_What to produce_. Repeat the records below exactly from the line containing "กระเป๋าถือหูหิ้วเล็ก" to the line containing "노벨상 시즌 시작…트럼프 ‘평화상’ 받을 수 있나", taking in both of those lines. Drop the pictures.

*** Records for processing ***

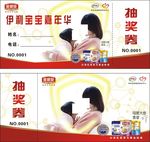 伊利宝宝嘉年华抽奖券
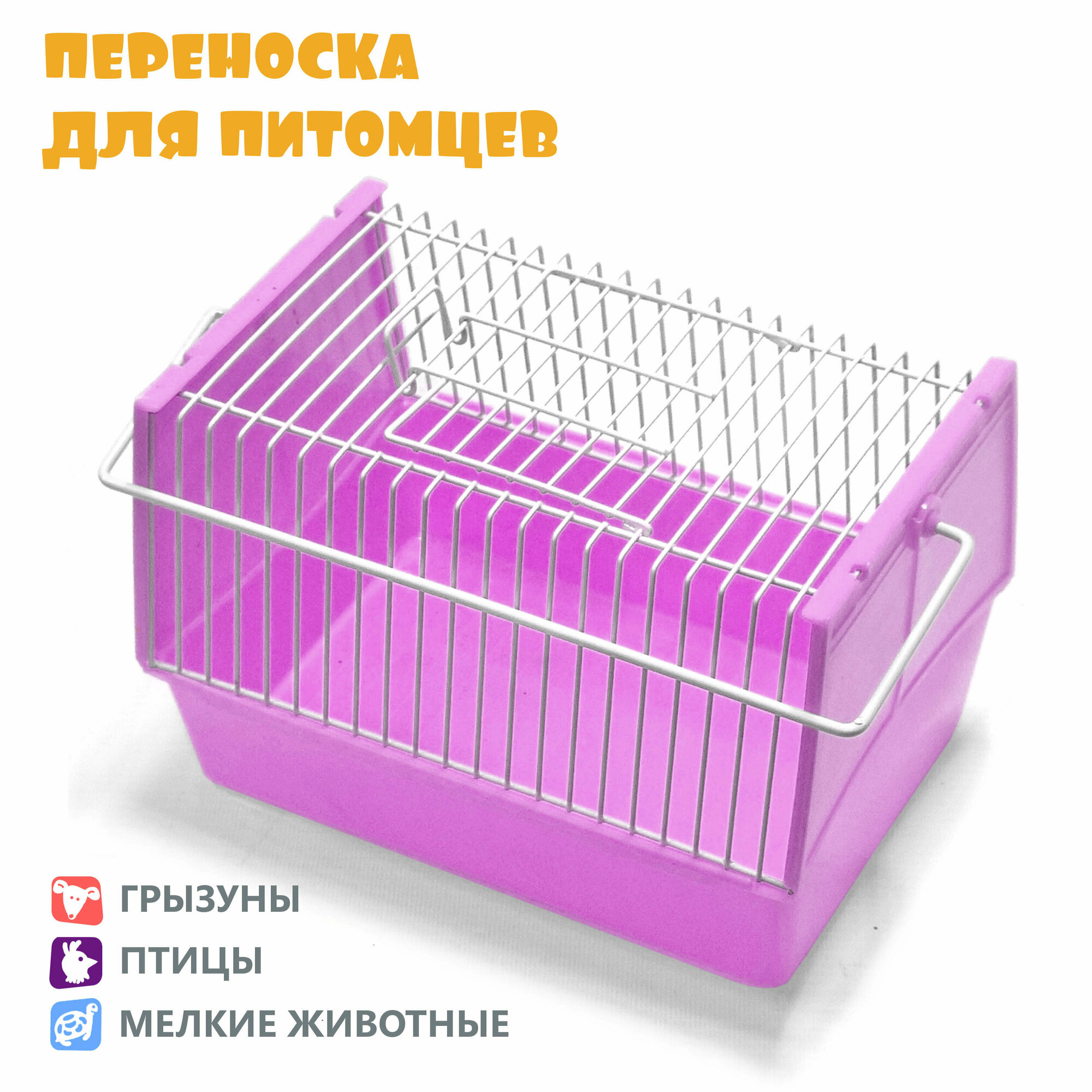 Переноска для хомяка, для крысы, для мелких животных, N1, 21х15х14 см, сиреневая - фотография № 1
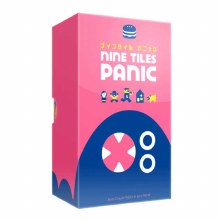 Nine Tiles Panic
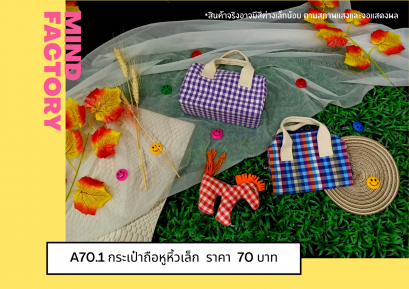 กระเป๋าถือหูหิ้วเล็ก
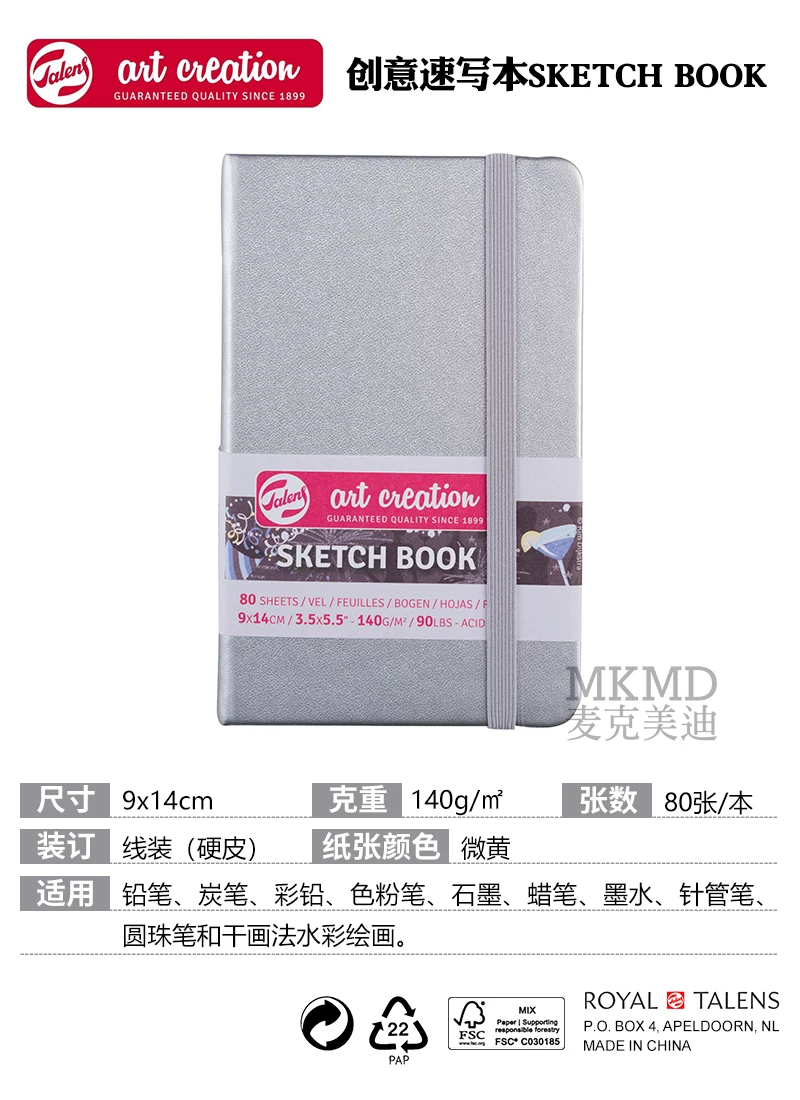Художественный блокнот Dutch Terrence TAC Sketch Book цветной жесткий переплет креативный скетчбук рукописный блокнот 140 г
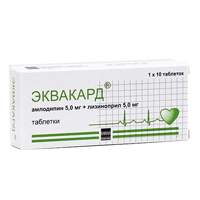 Эквакард таблетки 5мг+5мг фото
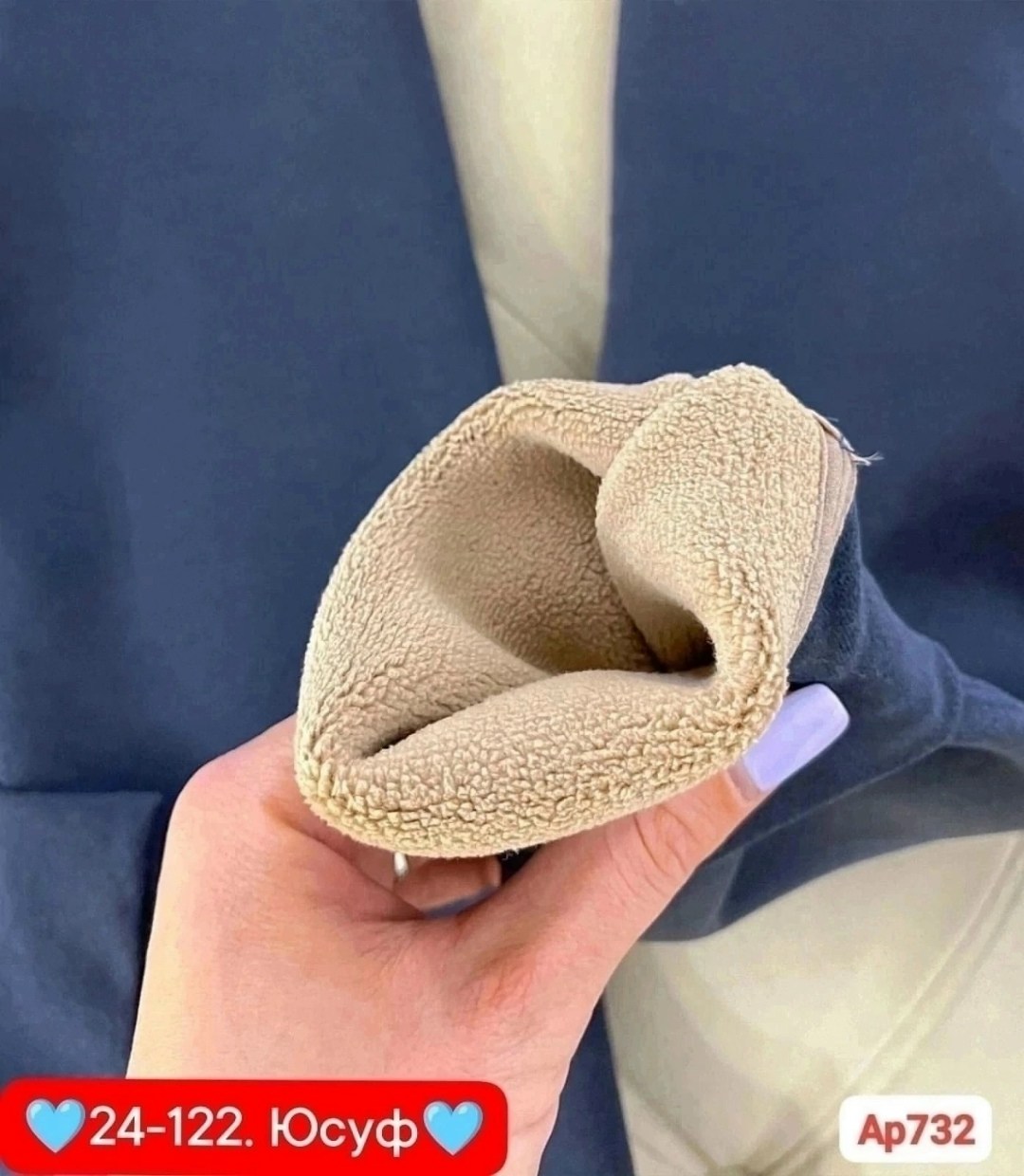 лосины теплые,штаны теплые,детские лосины,детские брюки,штаны с начёсом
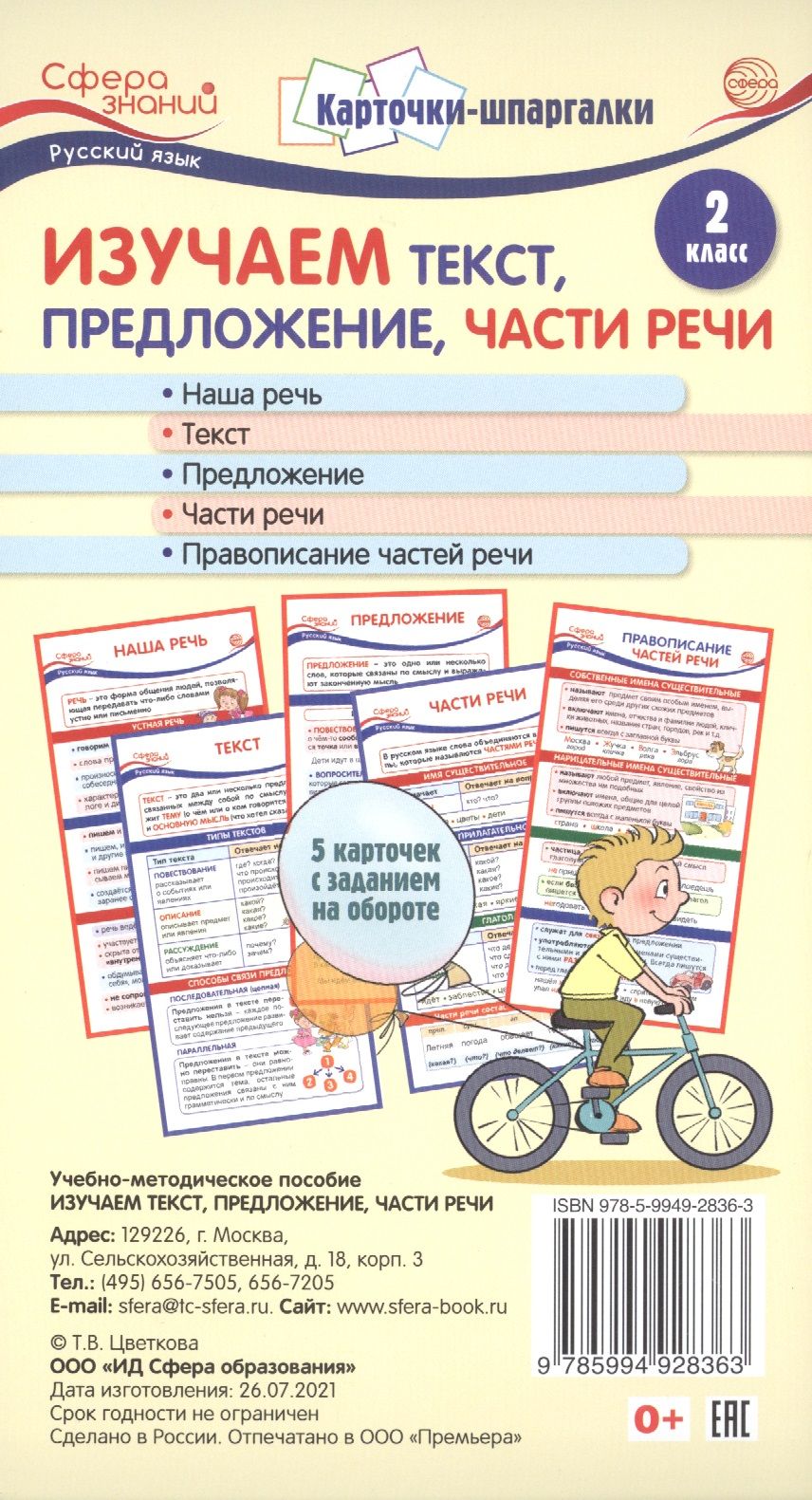 Части речи 2 класс распечатать карточки Карточки-шпаргалки. Изучаем текст, предложение, части речи. Русский язык. 2 клас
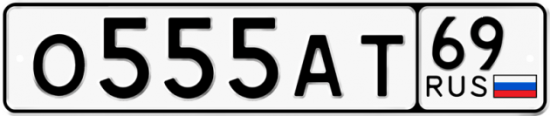 Купить гос номер О555АТ 69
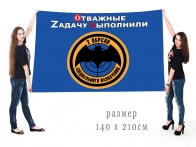 Большой флаг 2 ОБрСпН Спецоперация Z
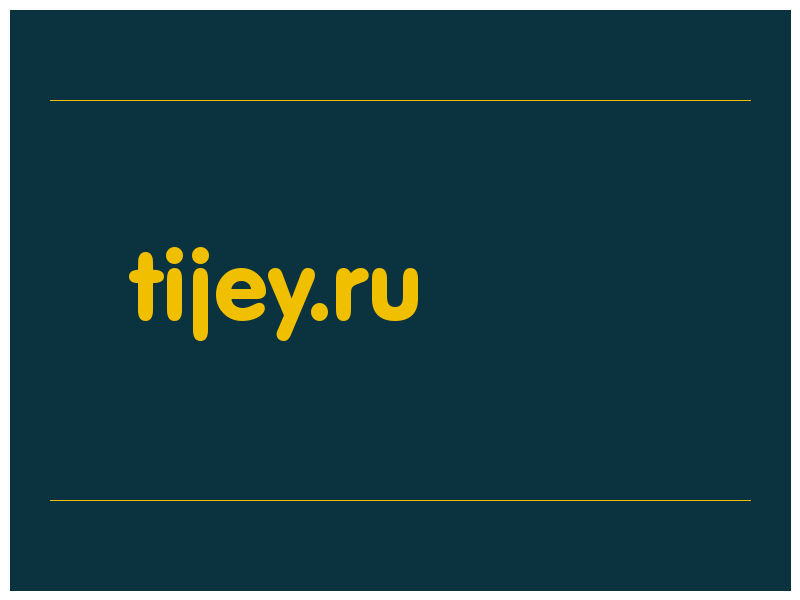 сделать скриншот tijey.ru
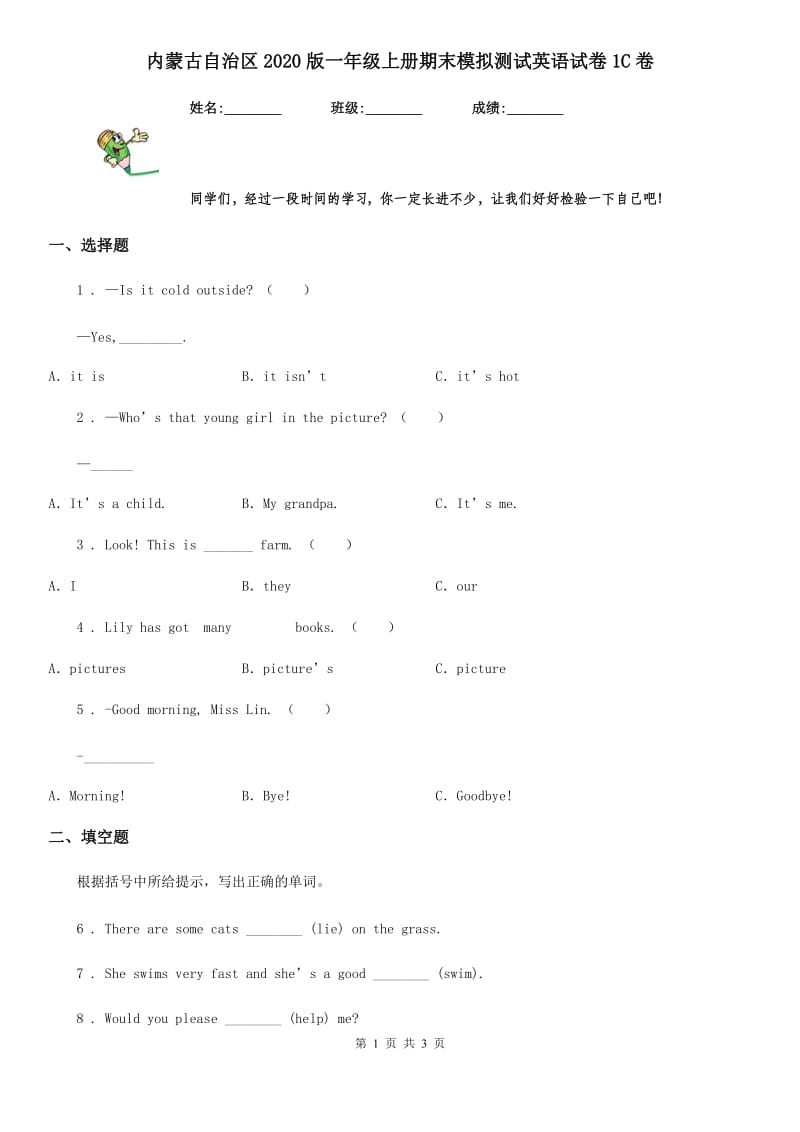 第1页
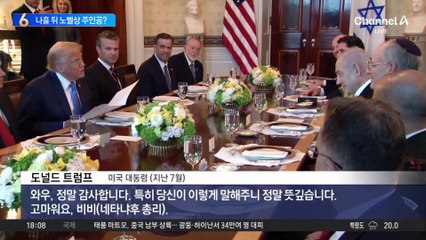 노벨상 시즌 시작…트럼프 ‘평화상’ 받을 수 있나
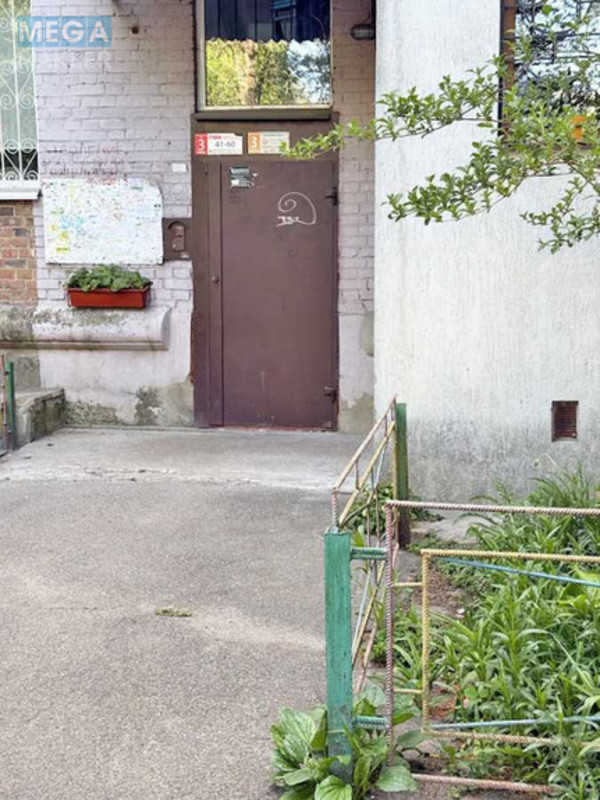 Продаж 1 кімнатної квартири (28,1/17,6/3,6), 1 пов. 5 пов. будинку, <a class="location-link" href="/kiev/" title="Недвижимость Київ">Київ</a>, <a class="location-link" href="/kiev/obolonskij/" title="Недвижимость Оболонський район">Оболонський р-н</a>, Вышгородская ул., 36-Б (изображение 11)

*** End of Records for processing ***

_Final answer_.
 กระเป๋าถือหูหิ้วเล็ก
Художественный блокнот Dutch Terrence TAC Sketch Book цветной жесткий переплет креативный скетчбук рукописный блокнот 140 г
 Эквакард таблетки 5мг+5мг фото
 лосины теплые,штаны теплые,детские лосины,детские брюки,штаны с начёсом
 Части речи 2 класс распечатать карточки Карточки-шпаргалки. Изучаем текст, предложение, части речи. Русский язык. 2 клас
 Купить гос номер О555АТ 69
 Большой флаг 2 ОБрСпН Спецоперация Z
 сделать скриншот tijey.ru
 第1页
 노벨상 시즌 시작…트럼프 ‘평화상’ 받을 수 있나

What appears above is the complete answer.